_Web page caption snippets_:

****************

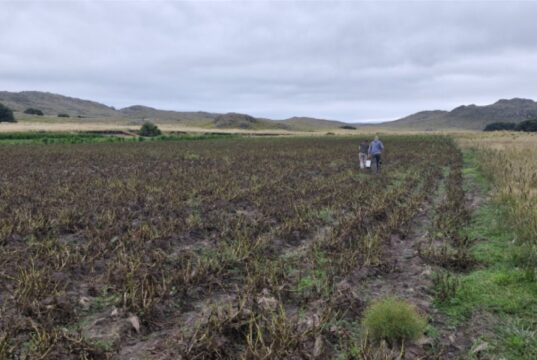 INTA llevó al Congreso de Horticultura de Mendoza el potencial para producir papa semilla en La Carolina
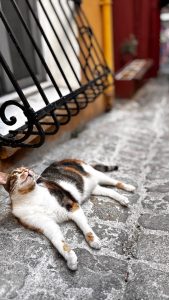 Calico cat sprawled across cobblestones, belly exposed, tail twitching, pedestrians stepping around 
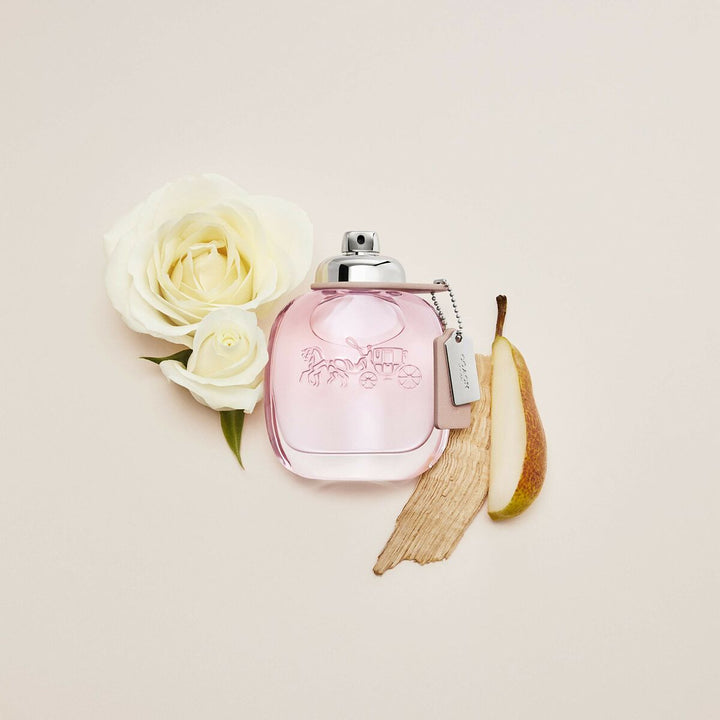 COACH (SIGNATURE) - EAU DE TOILETTE • COACH, New York • 30 ml • Eau de toilette pour femme, vaporisateur/natural spray  Scentia : Parfums et fragrances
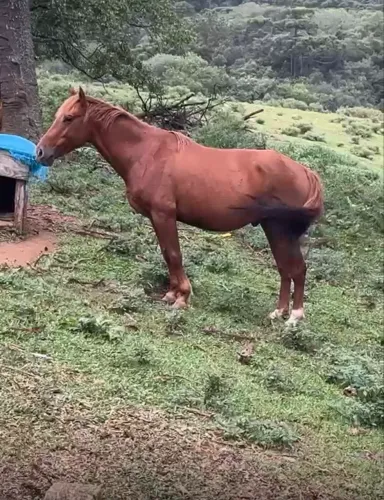 Cavalo quarto de milha , xucro 4 anos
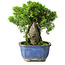 Juniperus chinensis Itoigawa, 19,5 cm, ± 9 Jahre alt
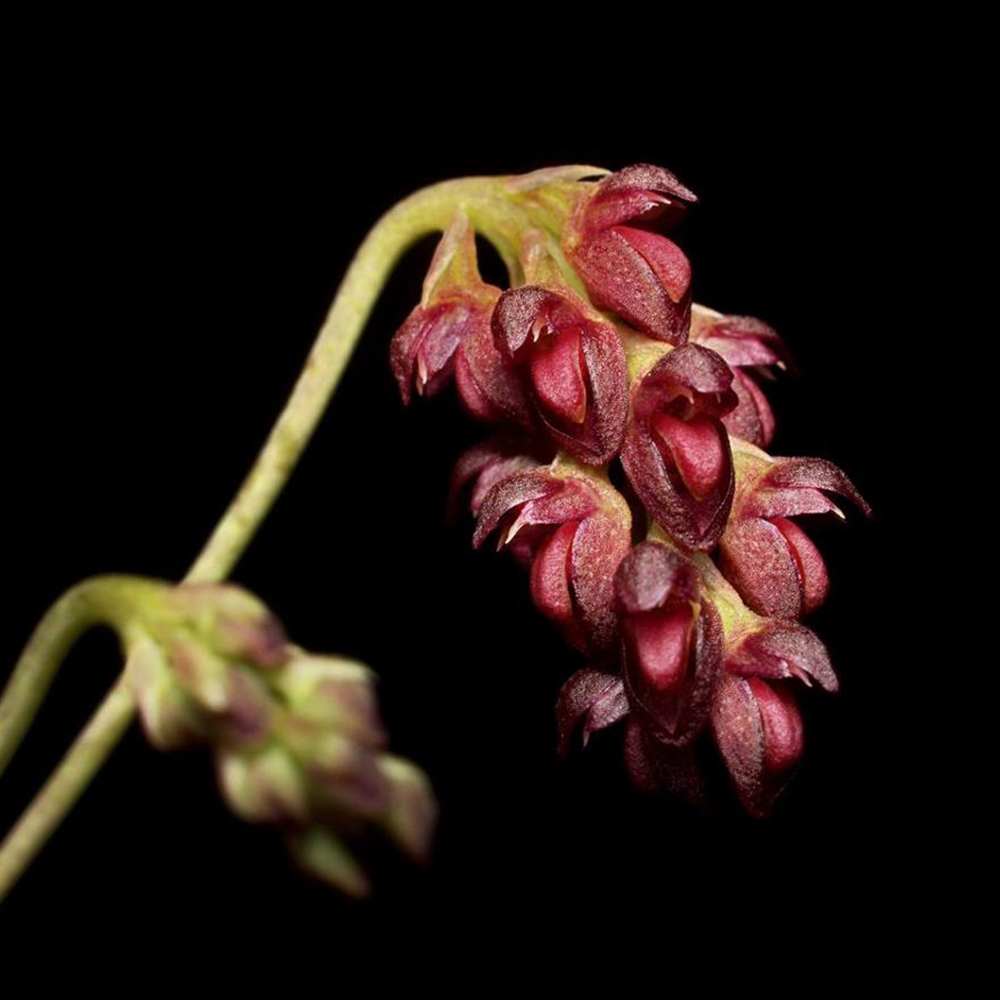 Bulbophyllum Tristae - Orchid - Soiled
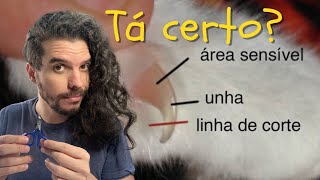 Como cortar a unha do meu gato  Veterinário de gato reagindo a técnicas de corte de unha em gatos [upl. by Nawd]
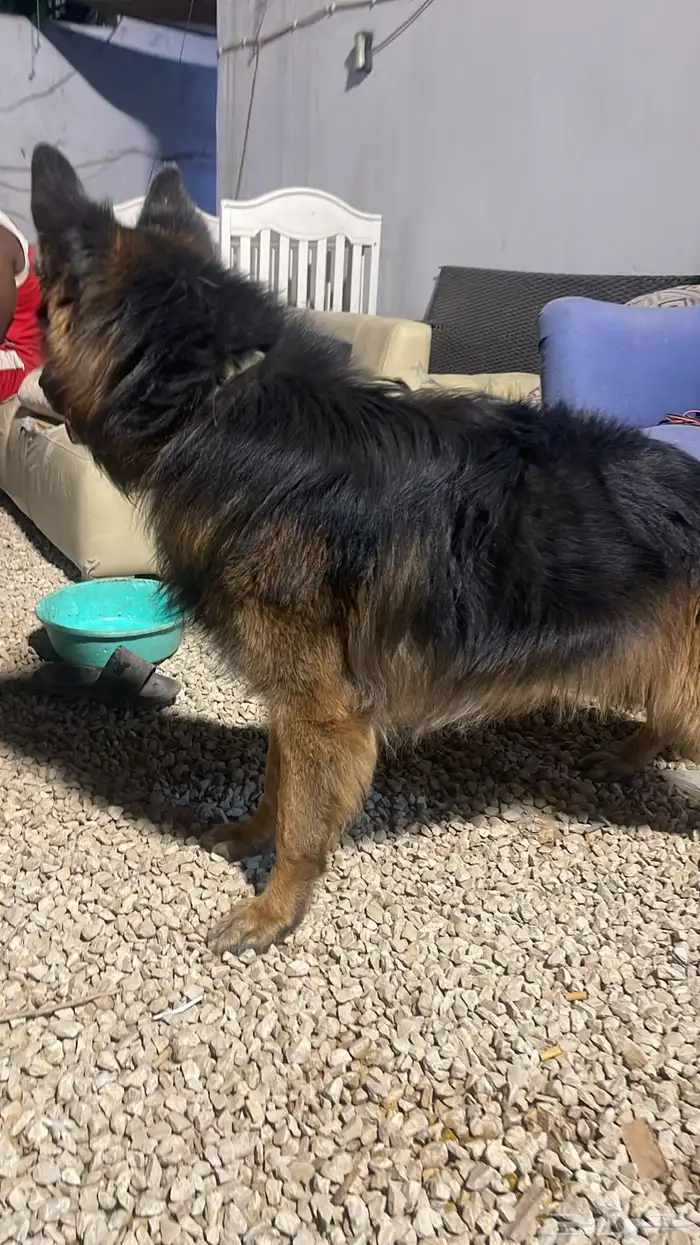 ذكر جيرمن شيبرد شولين دبل كوت 1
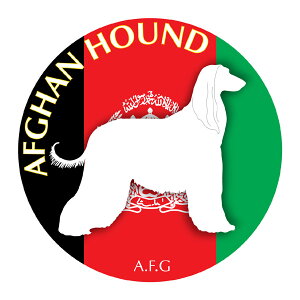 AtKnEh@ObY XebJ[܂ sSTCYi3Zbgjt XebJ[ V[ fJ[ VGbg  J[ V[ fJ[   Ck VGbg e A ANZT[ Xe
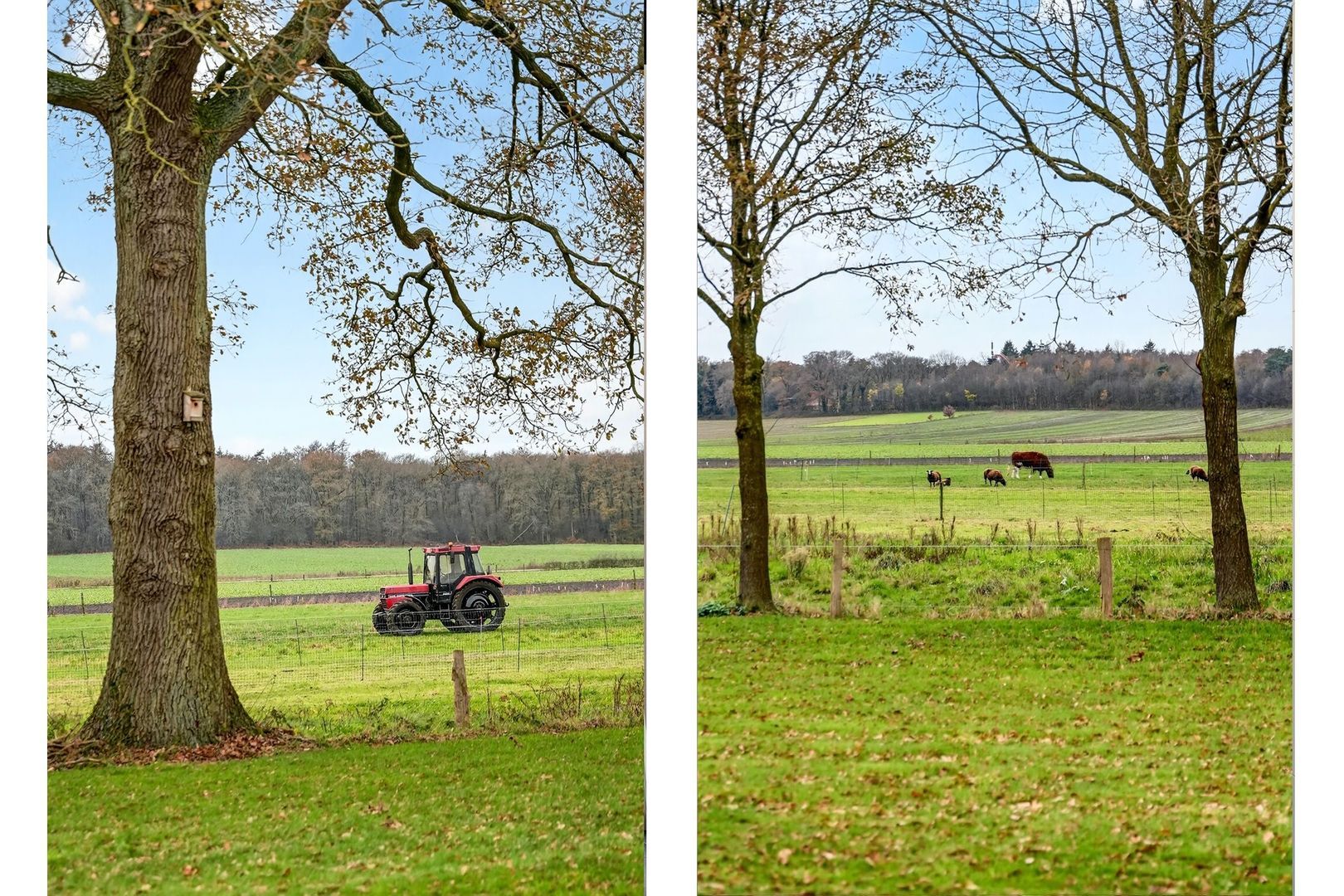 Ommerweg 23, Hellendoorn foto-123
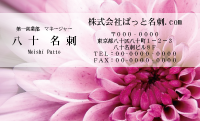 テンプレート名刺【plant-chrysanthem photo-d001-zdk】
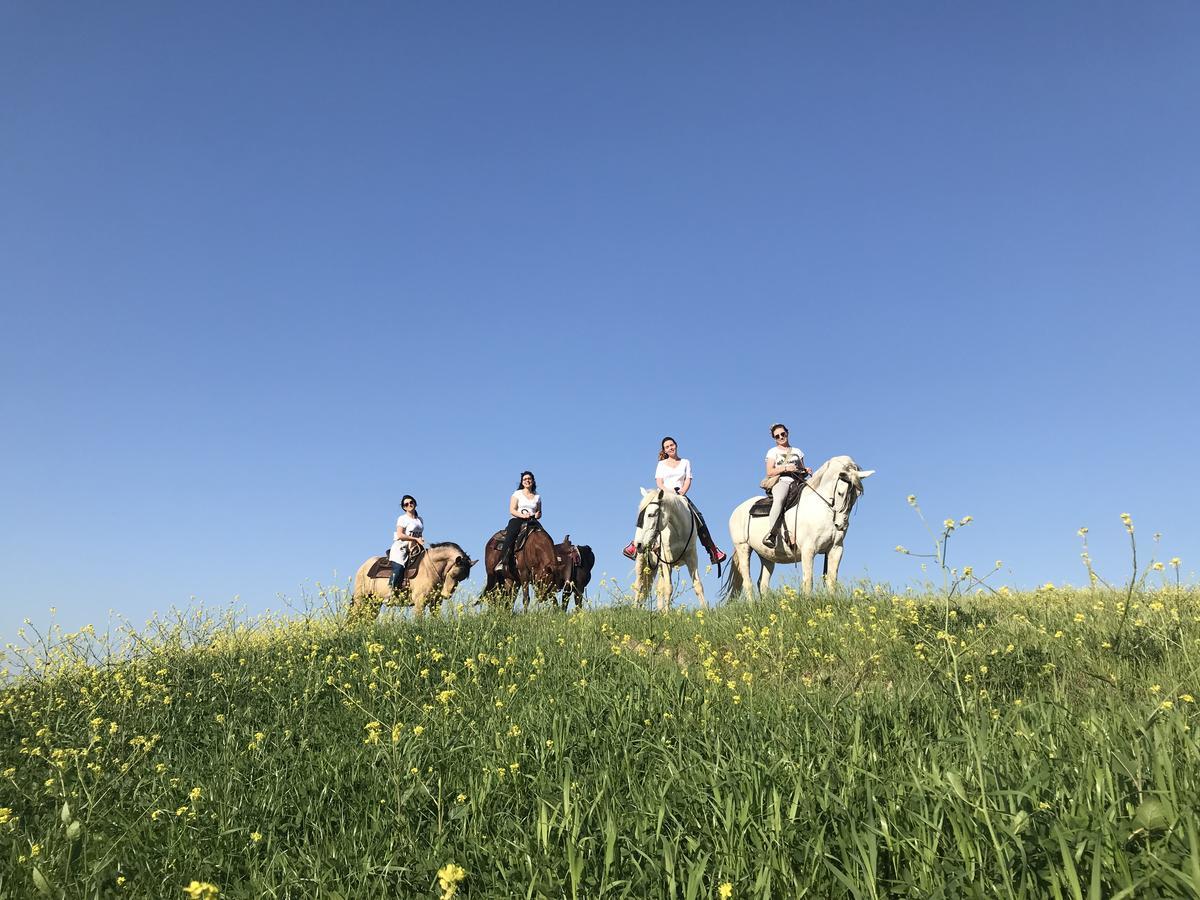 Agriturismo Pieve Sprenna Буонконвенто Екстериор снимка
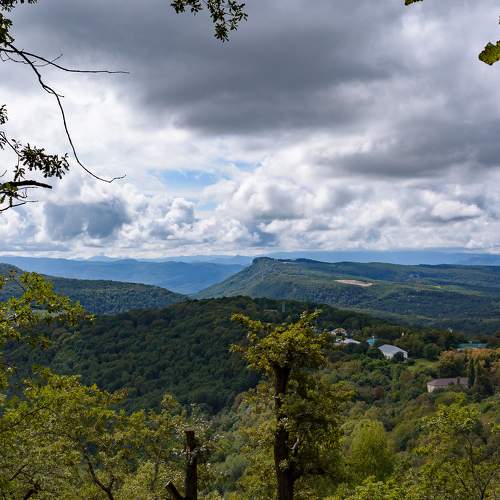 Photo #6499764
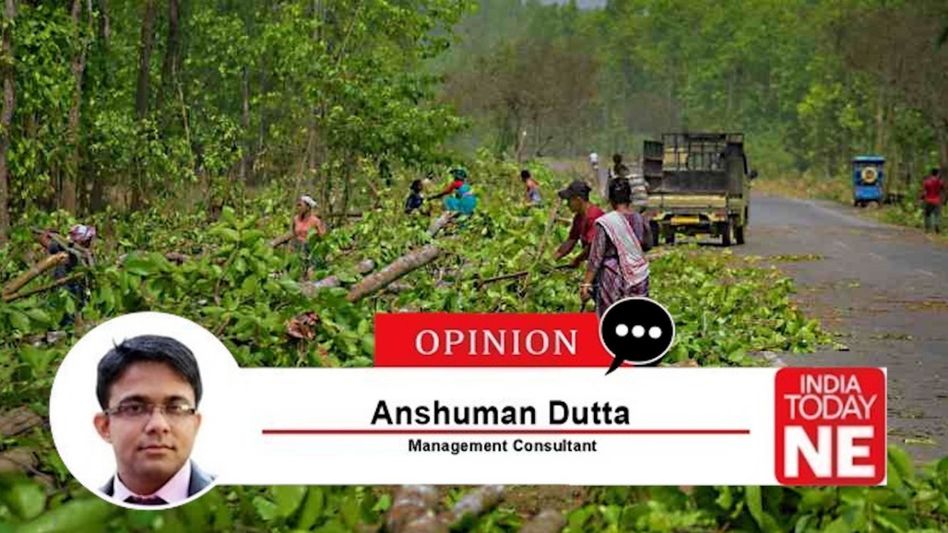 Reclaiming green: How Assam's fight against deforestation is turning the tide Reclaiming green: How Assam's fight against deforestation is turning the tide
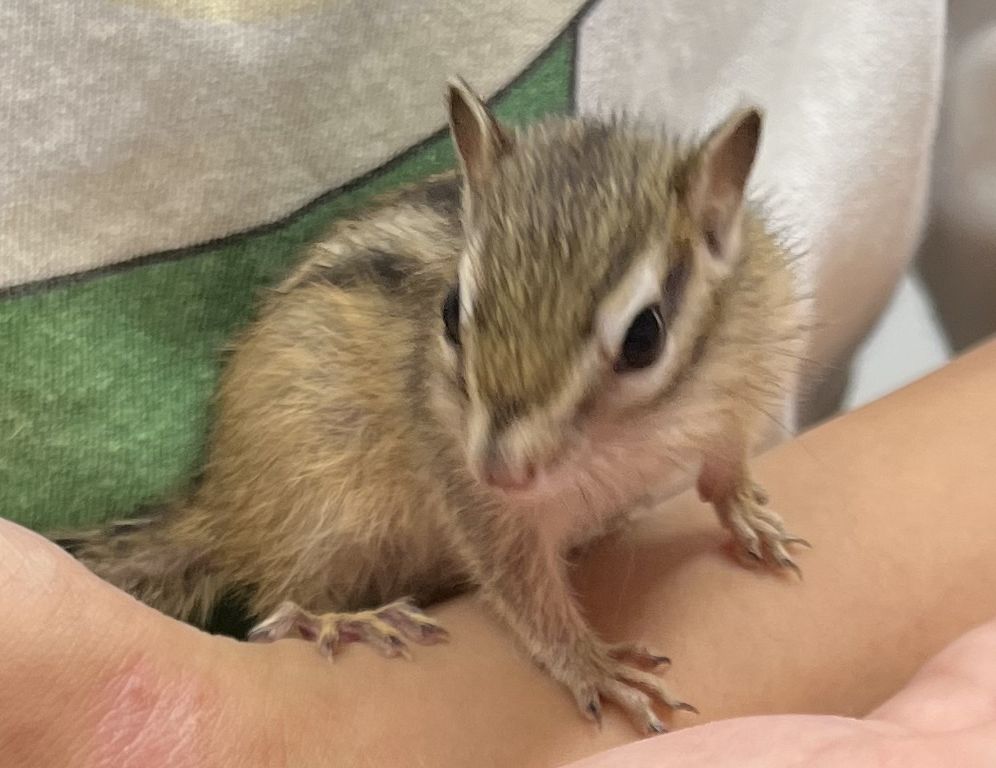 シマリス ♀（2023年春生まれの新生児）馴れてます♪ | ピュア
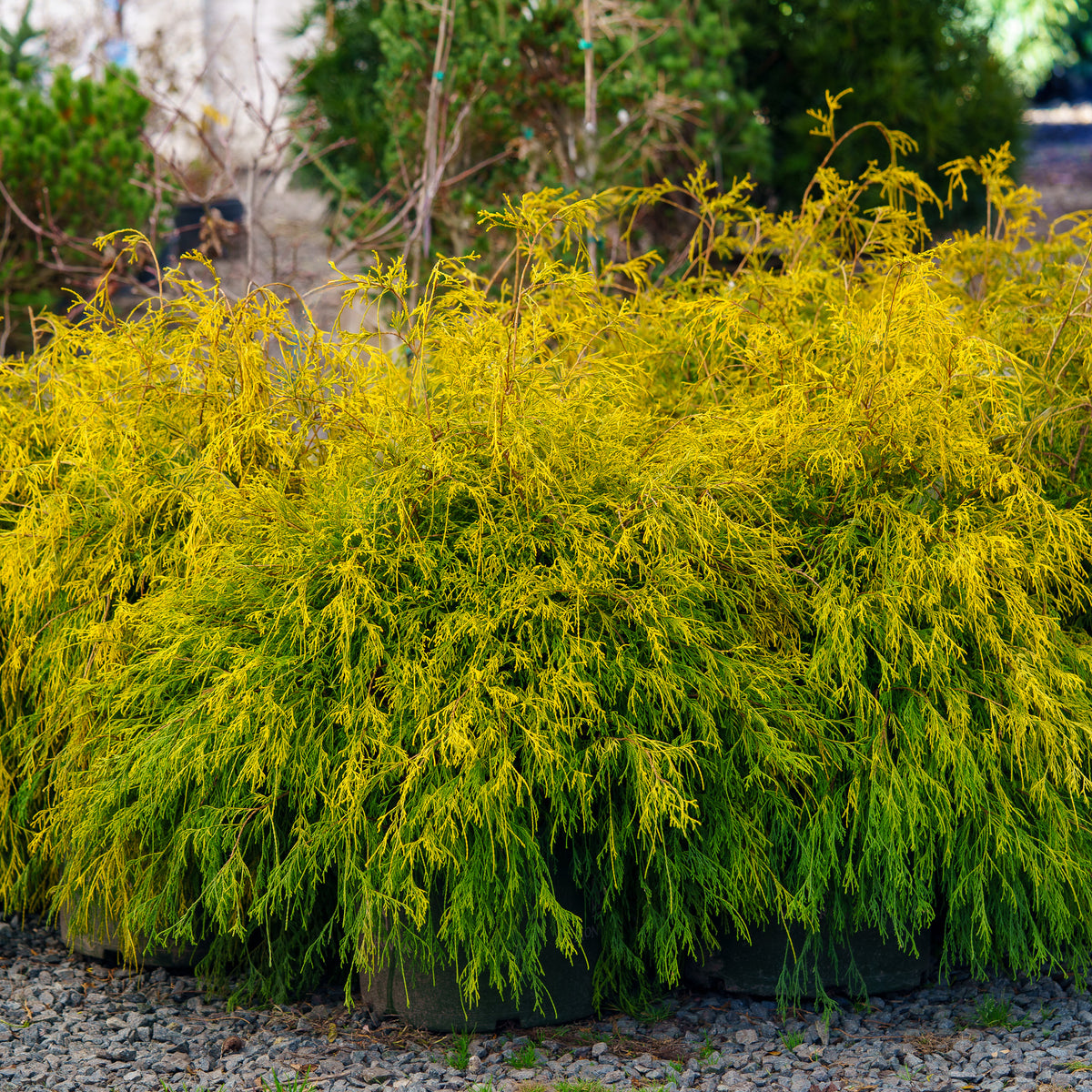 Golden Charm Threadleaf Cypress – Plant Detectives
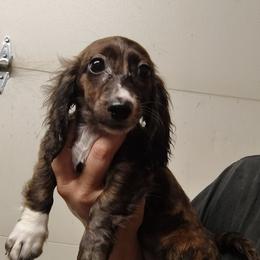 Talia - Brindle female Dachshund puppy in Hudson, Michigan from Mittentail Kennel Miniature Dachshunds & Australian Shepherds
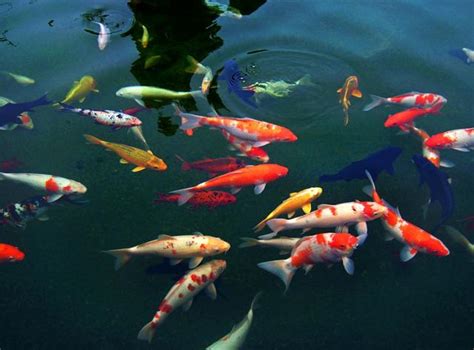 魚一直死風水|養魚風水相關禁忌！如不謹慎，招來橫禍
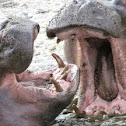 Hippopotamus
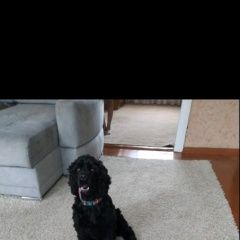 Подробнее об объявлении «Шебекино Пропала собака» Фото: пропала собака Американский кокер-спаниель «Шебекино Пропала собака» в г. Шебекино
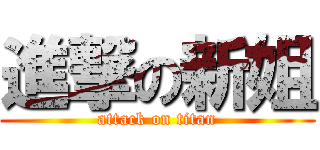 進撃の新姐 (attack on titan)
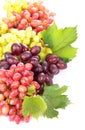 Red and white table grapes, wine grapes. Royalty Free Stock Photo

****************

Copy out every entry above word for word; omit the images.

_Result of the task_:
 INTA llevó al Congreso de Horticultura de Mendoza el potencial para producir papa semilla en La Carolina
 Calico cat sprawled across cobblestones, belly exposed, tail twitching, pedestrians stepping around 
 COACH (SIGNATURE) - EAU DE TOILETTE • COACH, New York • 30 ml • Eau de toilette pour femme, vaporisateur/natural spray  Scentia : Parfums et fragrances
 Cavalo quarto de milha , xucro 4 anos
 Juniperus chinensis Itoigawa, 19,5 cm, ± 9 Jahre alt
 Bulbophyllum Tristae - Orchid - Soiled
 Como cortar a unha do meu gato  Veterinário de gato reagindo a técnicas de corte de unha em gatos [upl. by Nawd]
 ذكر جيرمن شيبرد شولين دبل كوت 1
 AtKnEh@ObY XebJ[܂ sSTCYi3Zbgjt XebJ[ V[ fJ[ VGbg  J[ V[ fJ[   Ck VGbg e A ANZT[ Xe
 Ommerweg 23, Hellendoorn foto-123
 テンプレート名刺【plant-chrysanthem photo-d001-zdk】
 Agriturismo Pieve Sprenna Буонконвенто Екстериор снимка
 Photo #6499764
 Reclaiming green: How Assam's fight against deforestation is turning the tide Reclaiming green: How Assam's fight against deforestation is turning the tide
 シマリス ♀（2023年春生まれの新生児）馴れてます♪ | ピュア
 Golden Charm Threadleaf Cypress – Plant Detectives
 Talia - Brindle female Dachshund puppy in Hudson, Michigan from Mittentail Kennel Miniature Dachshunds & Australian Shepherds
 魚一直死風水|養魚風水相關禁忌！如不謹慎，招來橫禍
 Hippopotamus
 Подробнее об объявлении «Шебекино Пропала собака» Фото: пропала собака Американский кокер-спаниель «Шебекино Пропала собака» в г. Шебекино
 進撃の新姐 (attack on titan)
 Red and white table grapes, wine grapes. Royalty Free Stock Photo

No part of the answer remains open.